Short web captions
◆ ◆ ◆

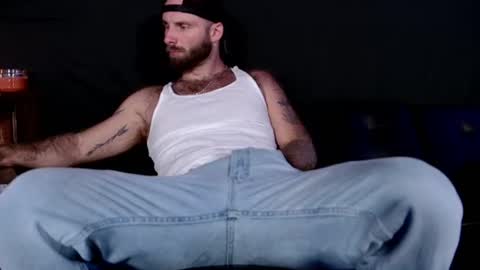 LANCE online show from 07.20.26
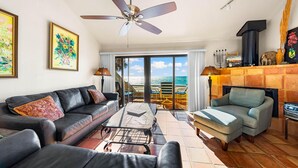 Unclassified image, 2 of 57, button - Fanta-Sea 47 by Beachside Management (Siesta Key)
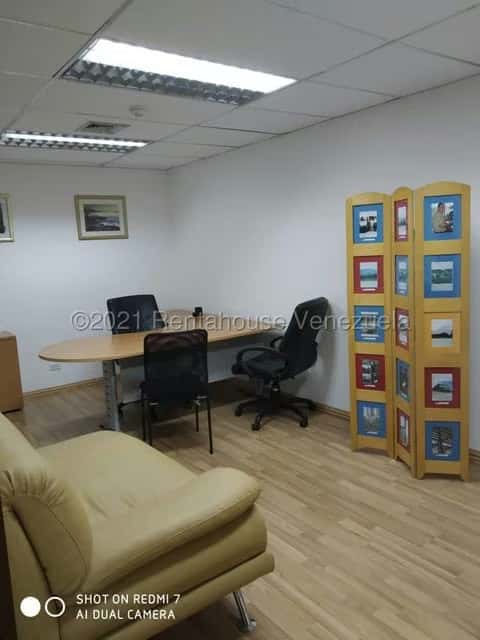 View 38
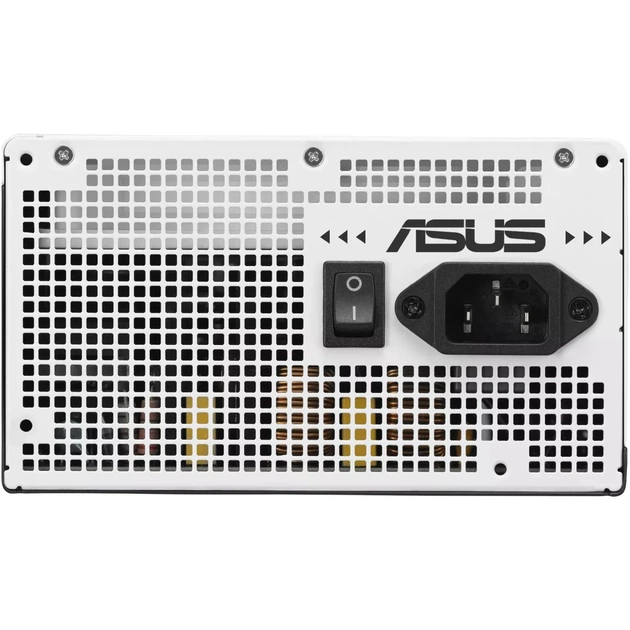 Блок живлення ASUS PRIME AP-850G 850W 80+ Gold (90YE00U0-B0NA00) - Фото 6 Блок живлення ASUS PRIME AP-850G 850W 80+ Gold (90YE00U0-B0NA00) - изображение 6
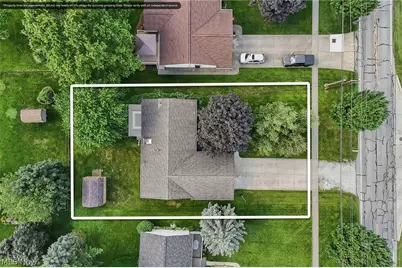 1304 State Road, Wadsworth, OH 44281 - Photo 44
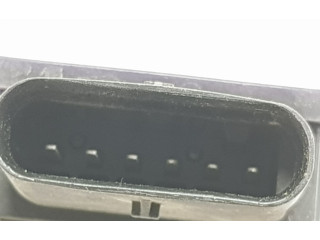 Блок управления 5WA962133F, 5WA962133F   Cupra Formentor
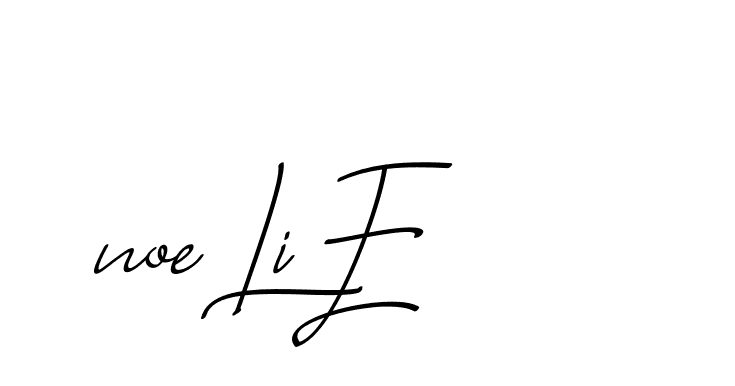 The best way (CaliforniaSunPersonalUse-lgKPq) to make a short signature is to pick only two or three words in your name. The name Ceard include a total of six letters. For converting this name. Ceard signature style 2 images and pictures png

◆ ◆ ◆

ABOUT THIS TASK:
Set down every record exactly as written, but drop the pictures.

FINAL ANSWER:
 LANCE online show from 07.20.26
 Unclassified image, 2 of 57, button - Fanta-Sea 47 by Beachside Management (Siesta Key)
 View 38
 Блок живлення ASUS PRIME AP-850G 850W 80+ Gold (90YE00U0-B0NA00) - Фото 6 Блок живлення ASUS PRIME AP-850G 850W 80+ Gold (90YE00U0-B0NA00) - изображение 6
 1304 State Road, Wadsworth, OH 44281 - Photo 44
 Блок управления 5WA962133F, 5WA962133F   Cupra Formentor
 The best way (CaliforniaSunPersonalUse-lgKPq) to make a short signature is to pick only two or three words in your name. The name Ceard include a total of six letters. For converting this name. Ceard signature style 2 images and pictures png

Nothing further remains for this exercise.